Quel aura été notre bonheur de lire et de voir d’autres propositions entrant en dialogue et en amitié avec les nôtres, spécialement en cette période où l’urgence est l’écroulement du champ représentationnel du pouvoir, partout dans le monde, avant sa décomposition prochaine. Ce qui laissera place :

  • au pire et mollement, à des ilôts où il nous sera intimé de composer avec les concessions du pouvoir et ses présences résiduelles,
  • au mieux, à une décompensation morcelée de toutes ses machines abstraites fabricant de la gouvernementalité.
    Entre les deux, c’est à dire entre d’un côté, le contrôle punitif actuel et ses modes de régie technico-capitalistes et, de l’autre, son collapsus ; en le disant vite, entre la société de consommation et les prémisses d’une société de communion, il y a l’état des choses prêt à faire un reboot de tous ses canaux de normalisation.

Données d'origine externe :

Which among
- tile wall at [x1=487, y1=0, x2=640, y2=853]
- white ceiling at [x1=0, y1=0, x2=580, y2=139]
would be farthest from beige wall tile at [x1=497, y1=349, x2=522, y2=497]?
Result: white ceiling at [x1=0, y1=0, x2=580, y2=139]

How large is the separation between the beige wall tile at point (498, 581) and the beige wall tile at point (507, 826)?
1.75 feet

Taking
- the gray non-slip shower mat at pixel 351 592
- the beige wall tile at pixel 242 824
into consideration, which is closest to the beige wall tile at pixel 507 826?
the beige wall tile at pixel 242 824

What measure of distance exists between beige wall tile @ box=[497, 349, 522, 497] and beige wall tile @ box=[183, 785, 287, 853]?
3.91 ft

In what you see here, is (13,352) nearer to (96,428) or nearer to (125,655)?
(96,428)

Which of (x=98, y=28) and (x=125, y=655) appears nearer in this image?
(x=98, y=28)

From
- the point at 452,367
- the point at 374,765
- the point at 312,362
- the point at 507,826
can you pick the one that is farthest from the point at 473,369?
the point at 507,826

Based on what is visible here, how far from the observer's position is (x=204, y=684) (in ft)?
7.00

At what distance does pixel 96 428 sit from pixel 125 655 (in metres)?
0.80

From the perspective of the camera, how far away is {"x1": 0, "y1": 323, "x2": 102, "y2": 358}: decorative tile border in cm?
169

Le plus grand danger pour nous vient de la norme.

Histoire de ramasser toutes ces sensations et les faire confluer, les hétérographies qui vont suivre qu’elles soient textes, intertextes ou cryptographie désuète, qu’elles soient images, fictions, documentaires, documentaires-fictions veulent augurer l’avènement d’un « fantomatisme ». Du moins veulent s’y diriger. Nous nous y attarderons au fil de l’écrit.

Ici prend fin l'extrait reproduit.